Tiktok is a great place to go for energy and inspiration, but its format often relies on unverified advice.  University Extensions provide peer reviewed and science based information and field trials, and are the place to go for validating a “hack” before trying it.  

Does chaos gardening really work?  Like for so many things in life, the answer is “sometimes.”

Deryn Davidson is the Sustainable Landscape Specialist for Colorado State University Extension, and was cited in the New York Times story. She moderated a webinar in late 2025 featuring several Colorado State University Extension horticulture experts who had personal experience with chaos gardening.  While being positive and enthusiastic, the panel points out some chaos gardening negatives that were left out in many of those highly edited Tiktok videos.  
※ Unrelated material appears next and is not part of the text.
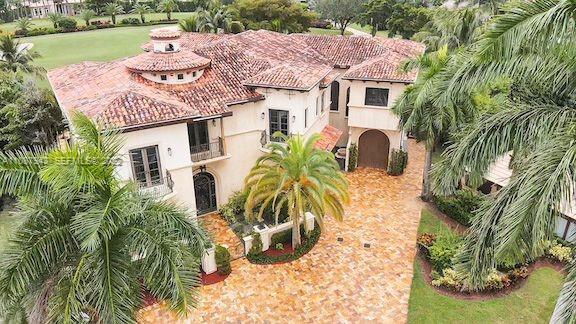 17828 Scarsdale Way Boca Raton, FL 33496 - Photo 6 of 100 a view of a white house with a big yard and potted plants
Despite the easy ‘set it and forget it and anything goes’ vibe, chaos gardens still require care.  Watering, weeding, and eventually cutting back or removing spent annuals are all part of the cycle.

Here are a few more of the panel’s suggestions.                              

Your mix of seeds should be sowed on soil that has been worked just a bit to loosen it enough to welcome them.  Simply sowing seeds on unworked soil ensures that they will be eaten by critters, blown away in the wind, or simply never germinate. 

That brings us to this next point, an undisputed fact of gardening life. Each time you disturb the soil, you bring to the surface what could be a vast seed bank of weed seeds that will thrive in the newly found sunshine.  Weeds will always win and you can count on it, out-competing the seeds of the more desirable species you just sowed.  If you don’t control the weeds before you plant any type of garden, and not just a chaos garden, the weeds will control and defeat you.

If your mix contains seeds of native plants, sowing in the late fall will ensure a period of cold stratification and maximum germination success in the spring. 

If your seed mix includes shade-loving plants and your garden is in full-sun, or you sow drought tolerant plants into boggy soil, they will struggle.

Some wildflower seed mixes may contain non-native species that can spread beyond your garden and become invasive. 

Not everyone who wants to garden has a wheel barrow and a shed full of gardening tools.  If a novice gardener tries this relatively easier style of gardening, they may be inspired to try growing their own food next.  If their chaos garden brings in the bees, maybe they’ll plant a garden just for pollinators. If native plants in the mix thrive, why not try more native varieties?  

Even if you’re an experienced gardener, you just might be tempted to try something different.